Tyler J. VanderWeele is the John L. Loeb and Frances Lehman Loeb Professor of Epidemiology in the Departments of Epidemiology and Biostatistics at the Harvard T.H. Chan School of Public Health. He is also the co-director of Harvard University's Initiative on Health, Religion and Spirituality, the director of their Human Flourishing Program, and a faculty affiliate of the Harvard Institute for Quantitative Social Science. His research has focused on the application of causal inference to epidemiology, as well as on the relationship between religion and health. He was elected a Fellow of the American Statistical Association in 2014, and received the Mortimer Spiegelman Award from the American Public Health Association in the same year.
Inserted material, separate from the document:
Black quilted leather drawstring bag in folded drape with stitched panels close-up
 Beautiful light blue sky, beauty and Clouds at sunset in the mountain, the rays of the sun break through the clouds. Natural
In 2017, he received the COPSS Presidents' Award from the Committee of Presidents of Statistical Societies.

Research 
VanderWeele conducts research focused on theory and methods for distinguishing between association and causation in the biomedical and social sciences. His contributions to causal inference include introducing the E-value as a quantitative measure for sensitivity analysis and advances in mediation analysis.

Advocacy 
On April 2, 2015, VanderWeele was one of 47 scholars who filed an amicus brief in support of respondents and affirmance in the case of Obergefell v. Hodges, 576 U.S. 644 (2015). The amici curiae argued that there is no Constitutional right to same-sex marriage.

References

External links

Faculty page

Living people
Harvard School of Public Health faculty
American epidemiologists
Alumni of St John's College, Oxford
Wharton School of the University of Pennsylvania alumni
Harvard School of Public Health alumni
Fellows of the American Statistical Association
American statisticians
Year of birth missing (living people)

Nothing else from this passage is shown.